“Frente a um cenário de ascensão virulenta, conservadora, reacionária e com tonalidade protofascista, ocorre algo muito potente no momento em que vozes historicamente silenciadas, ou historicamente alvo destes levantes, se colocam e são escutadas”, pondera Rita Von Hunty, arte-educadora e drag queen. Em entrevista ao UM BRASIL, uma realização da FecomercioSP, ela afirma se somar “a um conglomerado dessas vozes”.
“Eu não sei ao certo o quão consciente estou a respeito do meu trabalho artístico, que, em algum ponto, tem a ver com uma pincelada de olhos fechados. Eu sou um professor e sou uma drag queen. Agora, escuto, com dimensão, que isso significa alguma coisa para quem me acompanha. Eu fico desejante e esperançosa de que uma geração possa crescer sabendo que existe uma possibilidade de ser queer, sem que haja nenhum demérito nisso, e, também, que a humanidade precisa ser estendida para todos os corpos”, diz.
“Conforme me falaram recentemente, encontrar a Rita não ofende ninguém. É como se esta figura de uma mulher de meia-idade, que é, ao mesmo tempo, uma professora respeitável e uma piada – e que é uma mulher bonita e um ‘cara’ –, faz com que haja um lugar de horizontalidade. As pessoas dão mais ouvidos, eu tenho mais facilidade em falar ‘com’, e não falar ‘para’.”
Esta é a quinta entrevista da série UM BRASIL e BRASA EuroLeads – um novo olhar sobre o Brasil, com apoio da Revista Problemas Brasileiros (PB).
Contradições que formam o Brasil
Na conversa, Rita avalia diversas contradições que compõem o Brasil como sociedade, tal qual a busca por reconhecimento como “país do carnaval”, ao mesmo tempo que pleiteia ser uma nação cristã, conversadora, monogâmica e tradicionalista. “Contudo, são as contradições que nos interessam, é delas que a gente caminha”, destaca. “O Brasil é o país que mais consome, no mundo, pornografia de mulheres trans e travestis, e, coincidentemente, é também é o que mais mata [estas pessoas].”
Outro ponto abordado na entrevista é o desalinhamento entre o atual discurso de muitas corporações, em relação à defesa da diversidade, e a impossibilidade de realização da inclusão na prática material produtiva, ao menos neste tempo. Este desalinho aponta mais uma contradição, ela esclarece. “Somos um país com grandes intelectuais negros e artistas provenientes da negritude. Entretanto, quando voltamos para a base material, vemos que a nossa classe trabalhadora com a mão de obra mais explorada é composta por mulheres negras, as mais vilipendiadas em nossa estrutura.”
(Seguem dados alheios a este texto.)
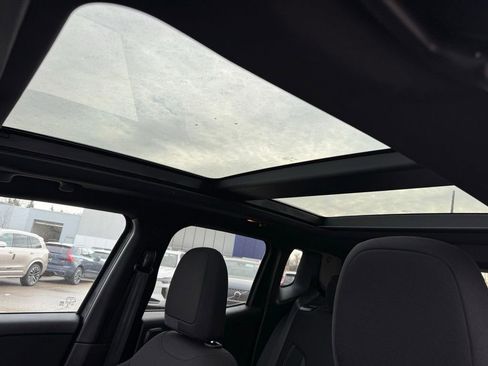 Used 2021 Jeep Renegade Latitude w/ Sun & Sound Group image 6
Ainda em relação ao desalinhamento e à contradição, Rita também comenta que, embora, por uma via formal (em termos de rentabilidade e lucro), um clube esportivo acredite ser financeiramente mais saudável desligar um jogador homofóbico, a rede social – robotizada (ou não) –, faz com que o número de seguidores deste sujeito cresça de forma vertiginosa. “Superestruturalmente, existe a ideia de que se trata de um discurso com o qual a organização não compactua; mas, estruturalmente [na sociedade], será que isso se prova? A resposta é não”, conclui.